ASSIGNED TASK — What you return should be the full listing, exactly as given.

MATERIAL FOR THIS TASK —
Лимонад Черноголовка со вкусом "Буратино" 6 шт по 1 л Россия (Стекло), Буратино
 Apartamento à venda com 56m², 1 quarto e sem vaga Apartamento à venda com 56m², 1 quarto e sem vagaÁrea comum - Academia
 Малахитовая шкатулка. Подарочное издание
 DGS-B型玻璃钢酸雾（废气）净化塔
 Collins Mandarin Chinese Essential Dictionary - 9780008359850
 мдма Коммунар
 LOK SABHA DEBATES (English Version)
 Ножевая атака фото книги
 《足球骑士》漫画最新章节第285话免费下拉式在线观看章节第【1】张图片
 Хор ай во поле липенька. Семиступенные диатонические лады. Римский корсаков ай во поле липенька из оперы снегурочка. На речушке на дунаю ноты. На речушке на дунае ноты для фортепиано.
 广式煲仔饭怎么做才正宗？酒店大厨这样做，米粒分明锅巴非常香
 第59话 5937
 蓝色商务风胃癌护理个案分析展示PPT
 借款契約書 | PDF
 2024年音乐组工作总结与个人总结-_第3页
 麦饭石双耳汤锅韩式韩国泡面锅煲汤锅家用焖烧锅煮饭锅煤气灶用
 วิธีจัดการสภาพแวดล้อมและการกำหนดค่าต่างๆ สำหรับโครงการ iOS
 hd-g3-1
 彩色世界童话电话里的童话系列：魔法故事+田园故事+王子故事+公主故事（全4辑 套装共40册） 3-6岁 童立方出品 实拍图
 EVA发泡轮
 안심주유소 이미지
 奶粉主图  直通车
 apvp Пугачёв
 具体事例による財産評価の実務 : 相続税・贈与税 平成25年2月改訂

EXPECTED ANSWER —
Лимонад Черноголовка со вкусом "Буратино" 6 шт по 1 л Россия (Стекло), Буратино
 Apartamento à venda com 56m², 1 quarto e sem vaga Apartamento à venda com 56m², 1 quarto e sem vagaÁrea comum - Academia
 Малахитовая шкатулка. Подарочное издание
 DGS-B型玻璃钢酸雾（废气）净化塔
 Collins Mandarin Chinese Essential Dictionary - 9780008359850
 мдма Коммунар
 LOK SABHA DEBATES (English Version)
 Ножевая атака фото книги
 《足球骑士》漫画最新章节第285话免费下拉式在线观看章节第【1】张图片
 Хор ай во поле липенька. Семиступенные диатонические лады. Римский корсаков ай во поле липенька из оперы снегурочка. На речушке на дунаю ноты. На речушке на дунае ноты для фортепиано.
 广式煲仔饭怎么做才正宗？酒店大厨这样做，米粒分明锅巴非常香
 第59话 5937
 蓝色商务风胃癌护理个案分析展示PPT
 借款契約書 | PDF
 2024年音乐组工作总结与个人总结-_第3页
 麦饭石双耳汤锅韩式韩国泡面锅煲汤锅家用焖烧锅煮饭锅煤气灶用
 วิธีจัดการสภาพแวดล้อมและการกำหนดค่าต่างๆ สำหรับโครงการ iOS
 hd-g3-1
 彩色世界童话电话里的童话系列：魔法故事+田园故事+王子故事+公主故事（全4辑 套装共40册） 3-6岁 童立方出品 实拍图
 EVA发泡轮
 안심주유소 이미지
 奶粉主图  直通车
 apvp Пугачёв
 具体事例による財産評価の実務 : 相続税・贈与税 平成25年2月改訂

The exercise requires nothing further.